11ty-fast-dev v0.1.1
This makes 11ty more efficient when used behind a dev server, making it only compiles your pages when you actually want to see them.
This relies on you running your own dev server.
(This could be built into eleventy --serve
, I don't know.)
⚠️ This is a crazy idea and perhaps not intended for production use just yet. You're welcome!
Usage
Your .eleventy.js should be updated like this:
TODO(samthor): This should be flagged or only run in --watch
mode.
const eleventyFastDev = require('11ty-fast-dev/patch');
module.exports = eleventyConfig => {
// We can't set up 11ty-fast-dev here, but instead need to do it later in
// 11ty's lifecycle.
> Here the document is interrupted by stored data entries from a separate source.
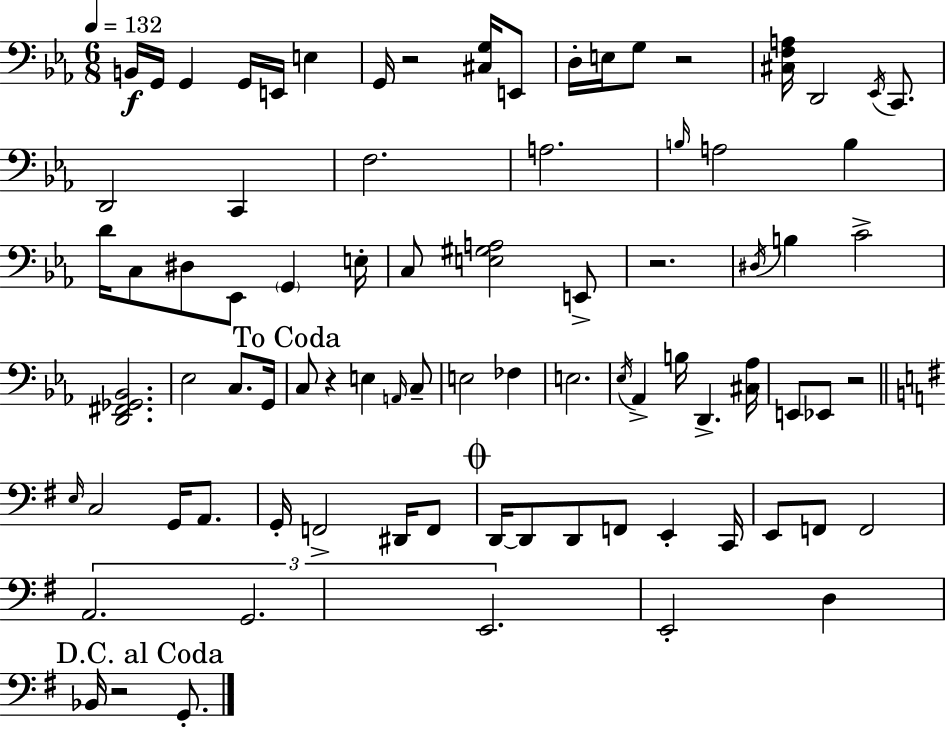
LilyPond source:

{
  \clef bass
  \numericTimeSignature
  \time 6/8
  \key c \minor
  \tempo 4 = 132
  b,16\f g,16 g,4 g,16 e,16 e4 | g,16 r2 <cis g>16 e,8 | d16-. e16 g8 r2 | <cis f a>16 d,2 \acciaccatura { ees,16 } c,8. | \break d,2 c,4 | f2. | a2. | \grace { b16 } a2 b4 | \break d'16 c8 dis8 ees,8 \parenthesize g,4 | e16-. c8 <e gis a>2 | e,8-> r2. | \acciaccatura { dis16 } b4 c'2-> | \break <d, fis, ges, bes,>2. | ees2 c8. | g,16 \mark "To Coda" c8 r4 e4 | \grace { a,16 } c8-- e2 | \break fes4 e2. | \acciaccatura { ees16 } aes,4-> b16 d,4.-> | <cis aes>16 e,8 ees,8 r2 | \bar "||" \break \key g \major \grace { e16 } c2 g,16 a,8. | g,16-. f,2-> dis,16 f,8 | \mark \markup { \musicglyph "scripts.coda" } d,16~~ d,8 d,8 f,8 e,4-. | c,16 e,8 f,8 f,2 | \break \tuplet 3/2 { a,2. | g,2. | e,2. } | e,2-. d4 | \break \mark "D.C. al Coda" bes,16 r2 g,8.-. | \bar "|."
}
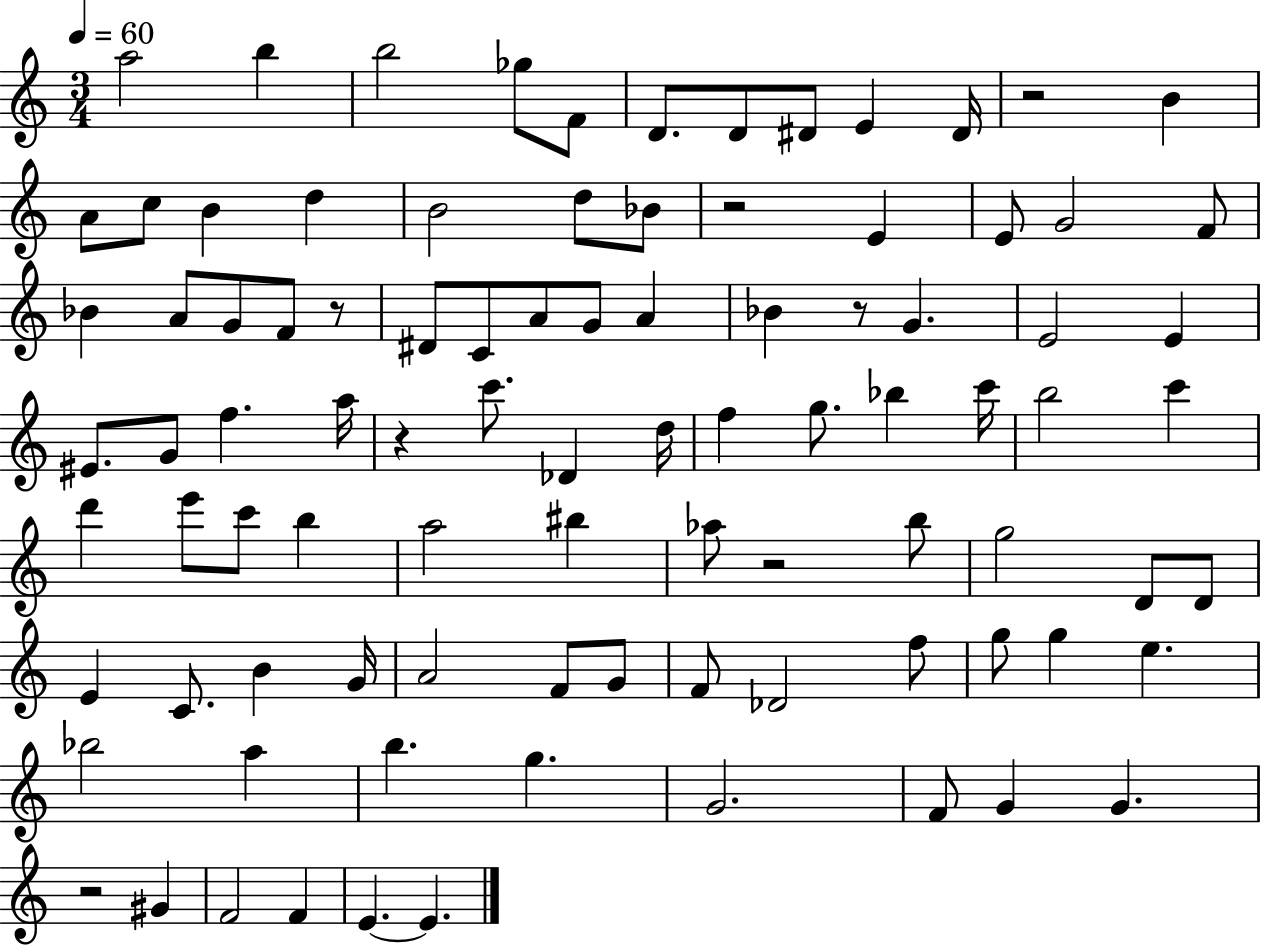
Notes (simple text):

A5/h B5/q B5/h Gb5/e F4/e D4/e. D4/e D#4/e E4/q D#4/s R/h B4/q A4/e C5/e B4/q D5/q B4/h D5/e Bb4/e R/h E4/q E4/e G4/h F4/e Bb4/q A4/e G4/e F4/e R/e D#4/e C4/e A4/e G4/e A4/q Bb4/q R/e G4/q. E4/h E4/q EIS4/e. G4/e F5/q. A5/s R/q C6/e. Db4/q D5/s F5/q G5/e. Bb5/q C6/s B5/h C6/q D6/q E6/e C6/e B5/q A5/h BIS5/q Ab5/e R/h B5/e G5/h D4/e D4/e E4/q C4/e. B4/q G4/s A4/h F4/e G4/e F4/e Db4/h F5/e G5/e G5/q E5/q. Bb5/h A5/q B5/q. G5/q. G4/h. F4/e G4/q G4/q. R/h G#4/q F4/h F4/q E4/q. E4/q.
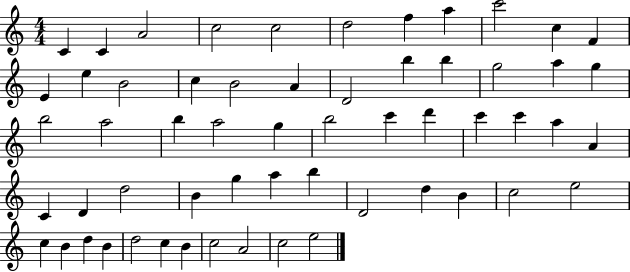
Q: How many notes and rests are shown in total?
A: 58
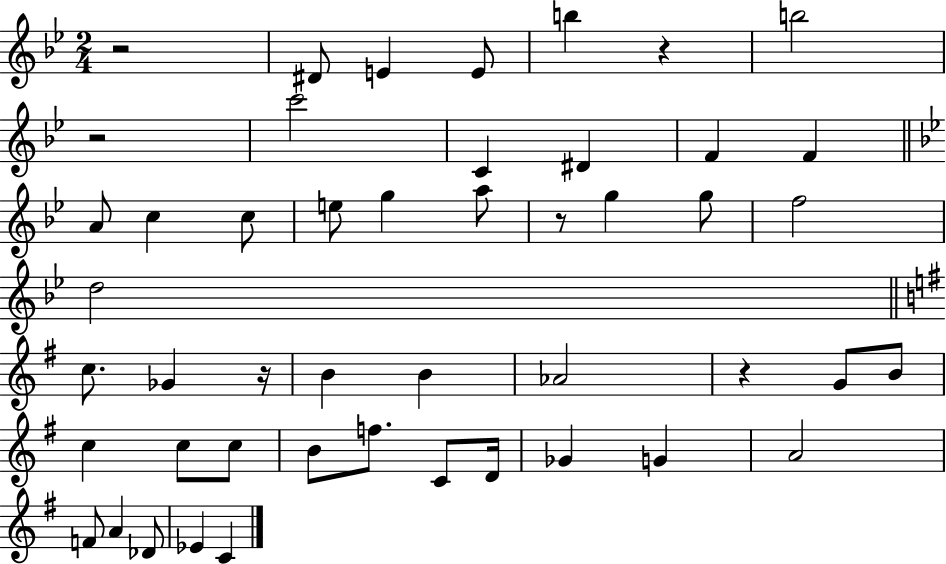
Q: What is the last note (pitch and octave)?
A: C4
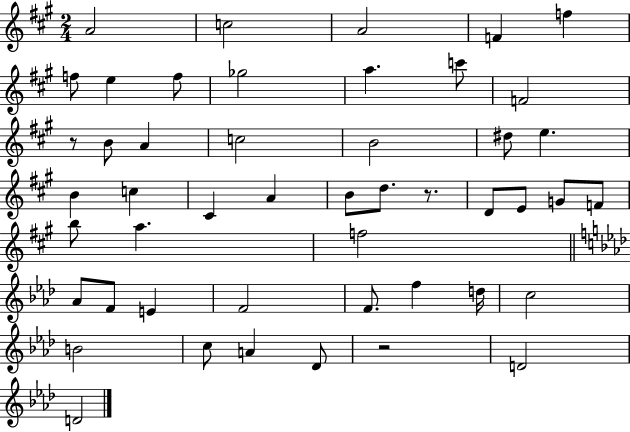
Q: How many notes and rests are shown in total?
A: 48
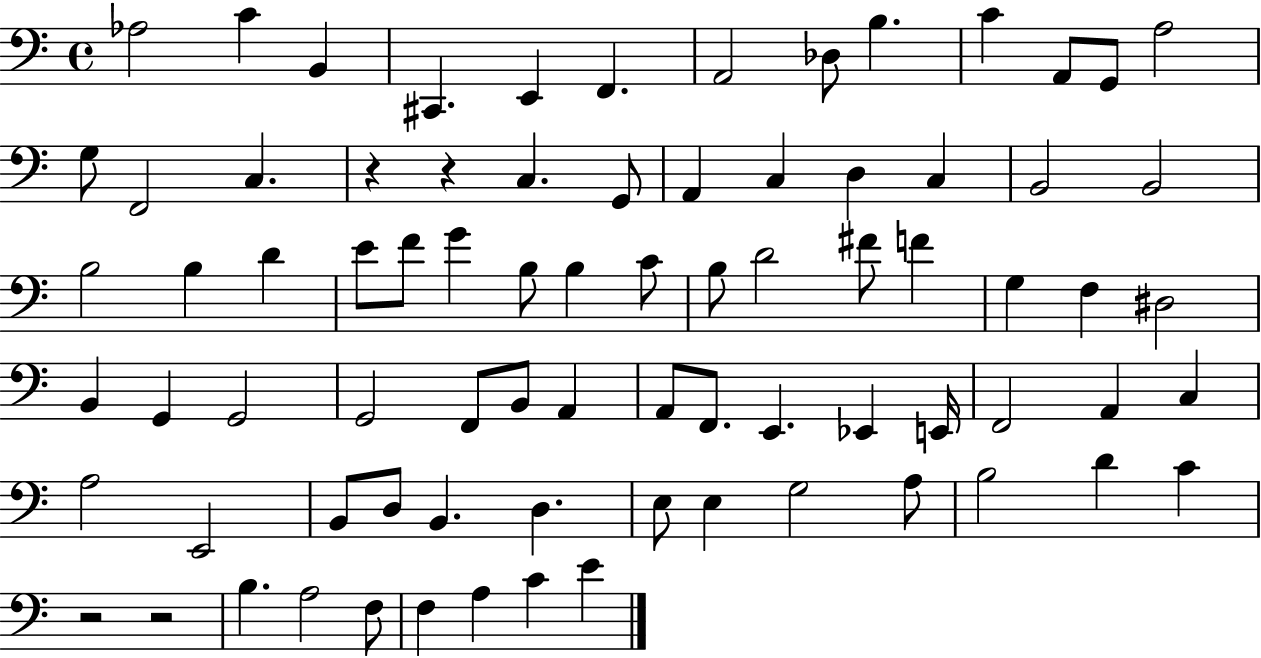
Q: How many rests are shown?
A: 4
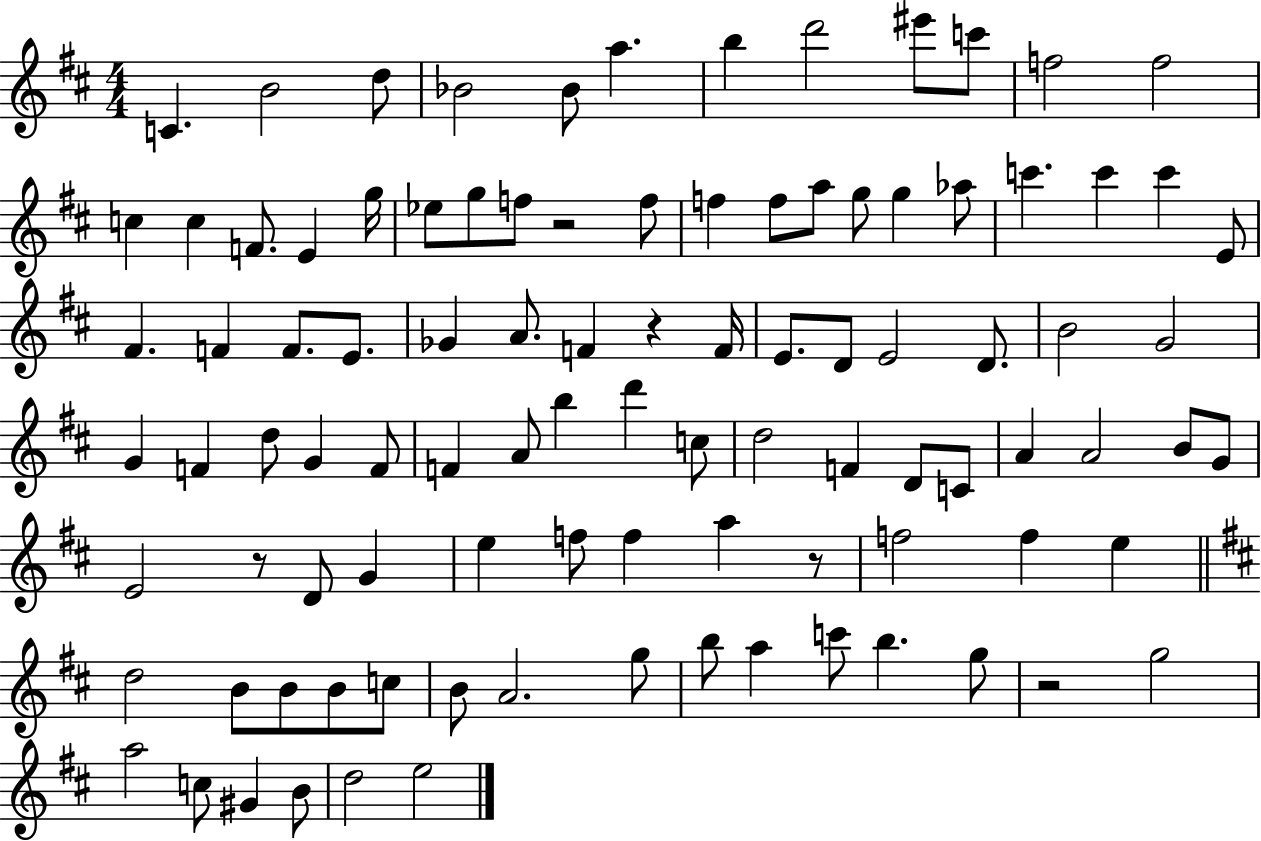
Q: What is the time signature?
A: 4/4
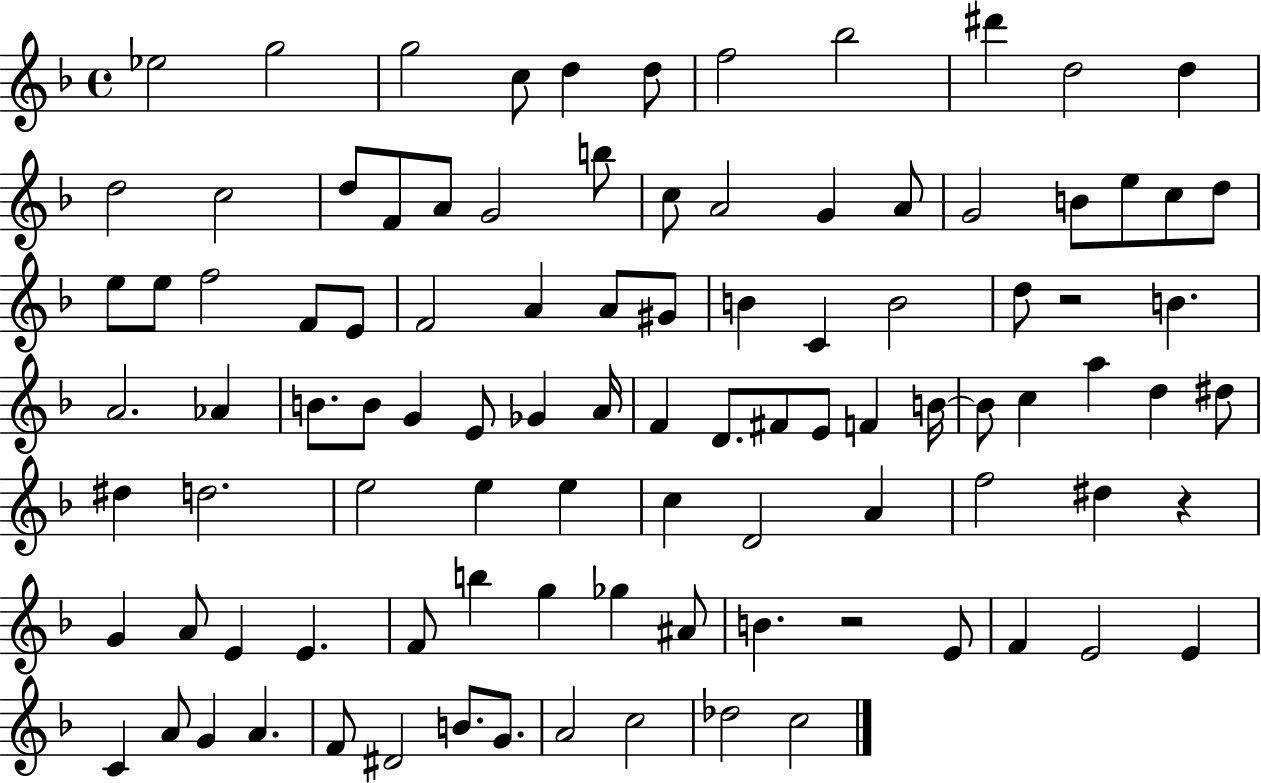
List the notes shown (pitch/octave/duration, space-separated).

Eb5/h G5/h G5/h C5/e D5/q D5/e F5/h Bb5/h D#6/q D5/h D5/q D5/h C5/h D5/e F4/e A4/e G4/h B5/e C5/e A4/h G4/q A4/e G4/h B4/e E5/e C5/e D5/e E5/e E5/e F5/h F4/e E4/e F4/h A4/q A4/e G#4/e B4/q C4/q B4/h D5/e R/h B4/q. A4/h. Ab4/q B4/e. B4/e G4/q E4/e Gb4/q A4/s F4/q D4/e. F#4/e E4/e F4/q B4/s B4/e C5/q A5/q D5/q D#5/e D#5/q D5/h. E5/h E5/q E5/q C5/q D4/h A4/q F5/h D#5/q R/q G4/q A4/e E4/q E4/q. F4/e B5/q G5/q Gb5/q A#4/e B4/q. R/h E4/e F4/q E4/h E4/q C4/q A4/e G4/q A4/q. F4/e D#4/h B4/e. G4/e. A4/h C5/h Db5/h C5/h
Its calculation of collections is a great place, as this
// is before any files are written.
// TODO(samthor): We only want to do this when flagged or in watch mode and
// so on.
const config = eleventyFastDev.buildConfig(eleventyConfig);
eleventyConfig.addCollection('_11ty-fast-dev', config);
// ... the rest of your config
};
Add this handler to your web server (this uses Express):
const {buildEleventyFastDevHandler} = require('11ty-fast-dev/handler');
const staticPaths = ['dist']; // 11ty writes here by default
const eleventyFastDevHandler = buildEleventyFastDevHandler(staticPaths);
// Insert this _before_ your static handlers, so old dist files don't "win".
app.use(eleventyFastDevHandler);
Profit!
Implementation
The eleventy side does two things:
- monkeypatches
TemplateWriter._writeTemplate
so that instead of writing a template, we store this ability into a closure - opens a web server on "localhost:9999", and when the right page is requested, renders the file
On the server side, it's a pretty basic handler which then goes out and asks "localhost:9999" for the right page.
Downsides
This will, as stated, only execute your templates and run transforms when you request a file. If you have side effects in these places, then this won't work for you. (This is generally considered a bad idea anyway).